* **Data excerpt**:
**********

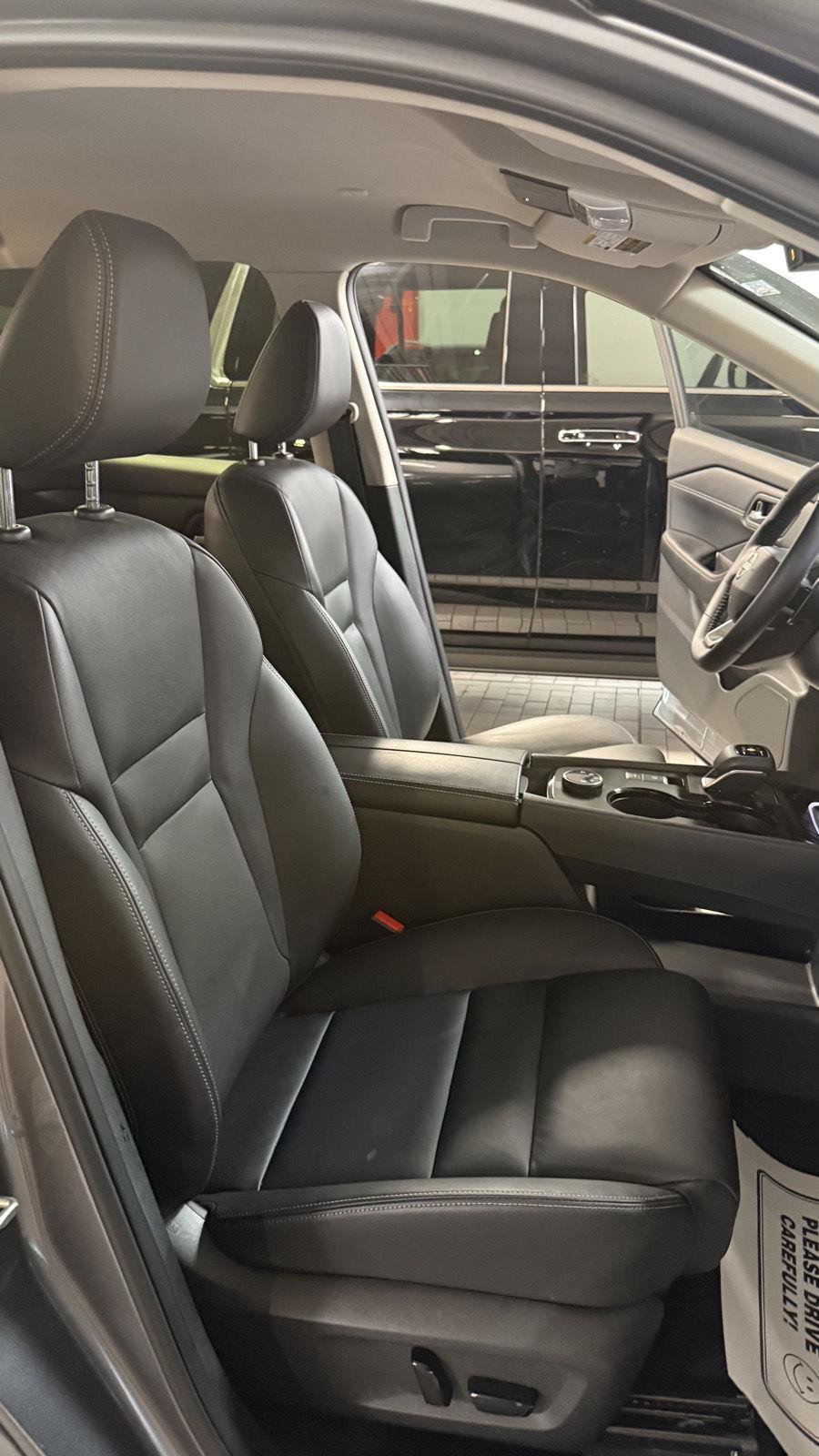 Used 2025 Nissan Rogue SL AWD/4WD image 15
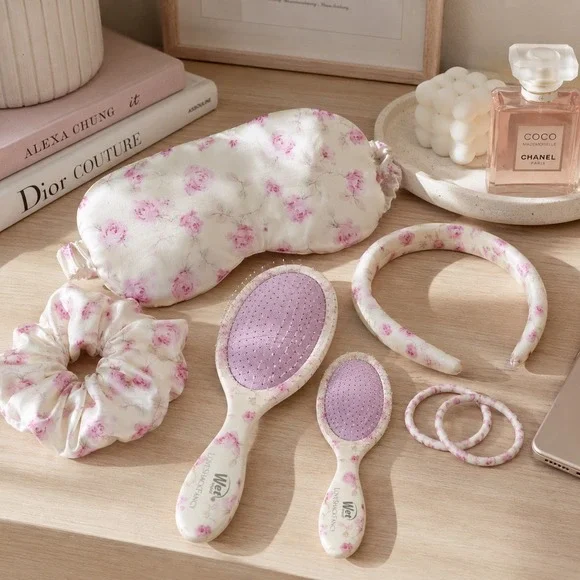 LoveShackFancy x Wet Brush Goody Floral Hair Accessory Set Detangler Mask Pink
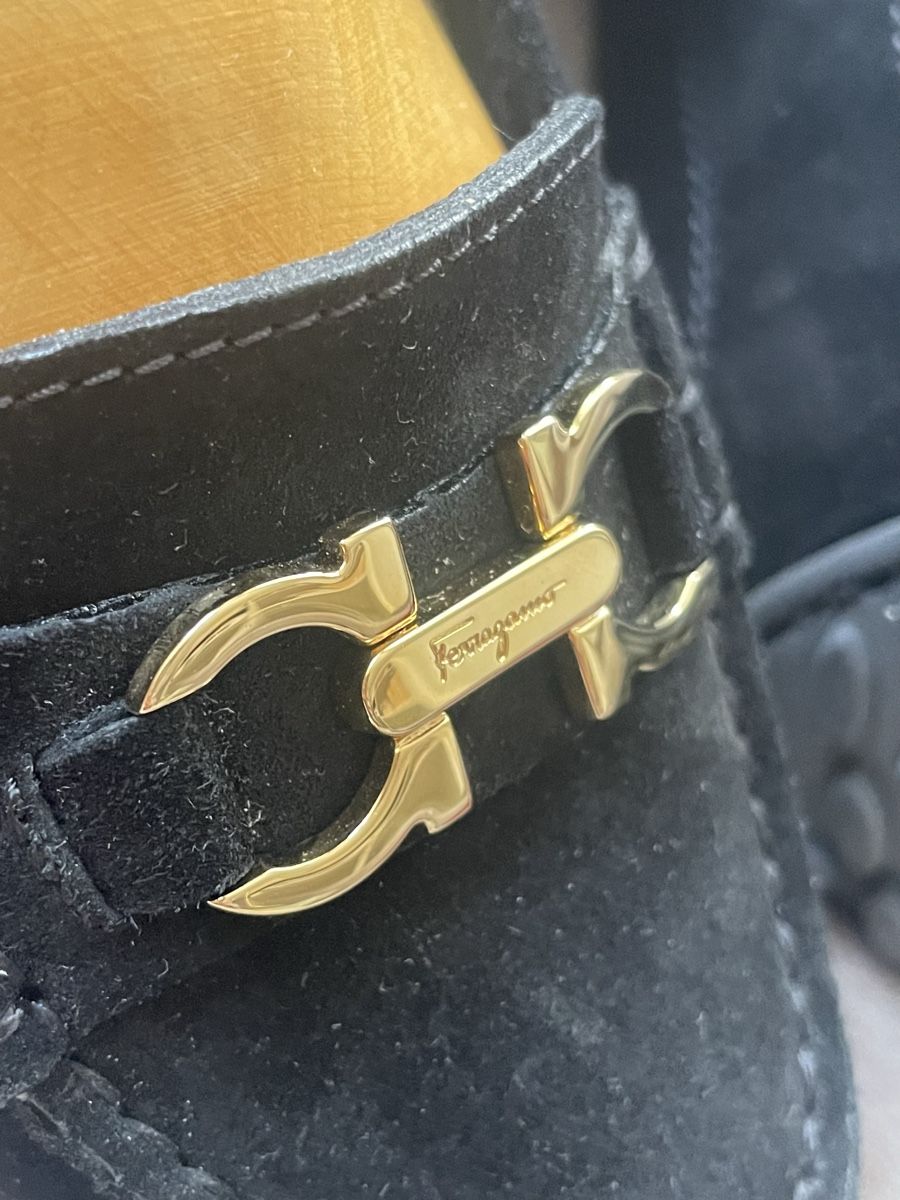 Salvatore Ferragamo Scarpe da donna: Wunderschöne Wildlederschuhe von Ferragamo – Nuovo e nell'imballaggio originale da Zürich venduto da Caracol1998 3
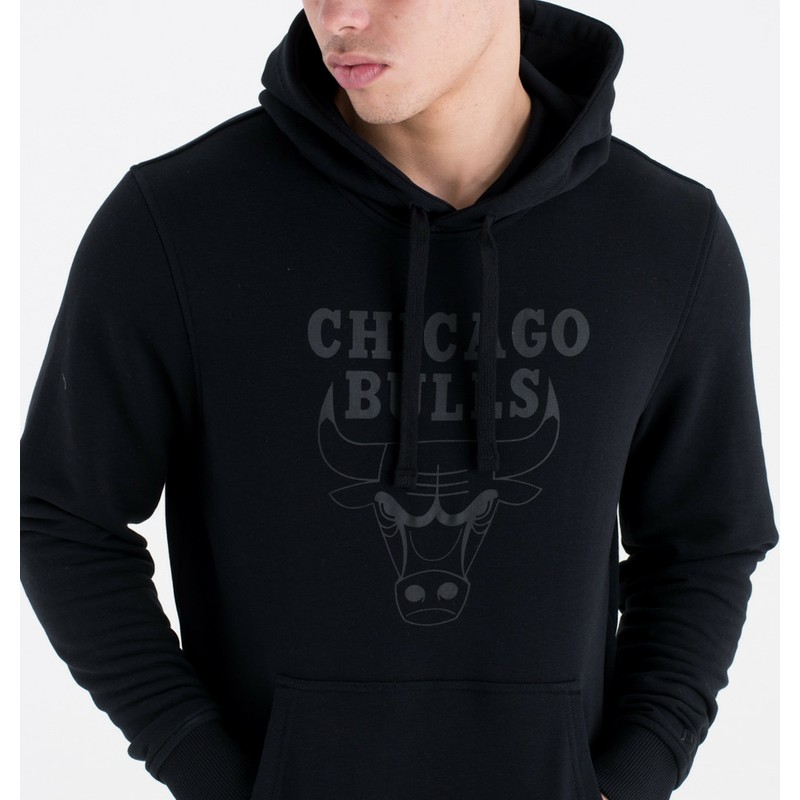 sweat-a-capuche-noir-avec-logo-noir-pullover-hoody-chicago-bulls-nba-new-era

**********

* **Exercise description**: Everything in the listing, except its images, should be set down exactly.

* **Exercise output**:
 Used 2025 Nissan Rogue SL AWD/4WD image 15
 LoveShackFancy x Wet Brush Goody Floral Hair Accessory Set Detangler Mask Pink
 Salvatore Ferragamo Scarpe da donna: Wunderschöne Wildlederschuhe von Ferragamo – Nuovo e nell'imballaggio originale da Zürich venduto da Caracol1998 3
 sweat-a-capuche-noir-avec-logo-noir-pullover-hoody-chicago-bulls-nba-new-era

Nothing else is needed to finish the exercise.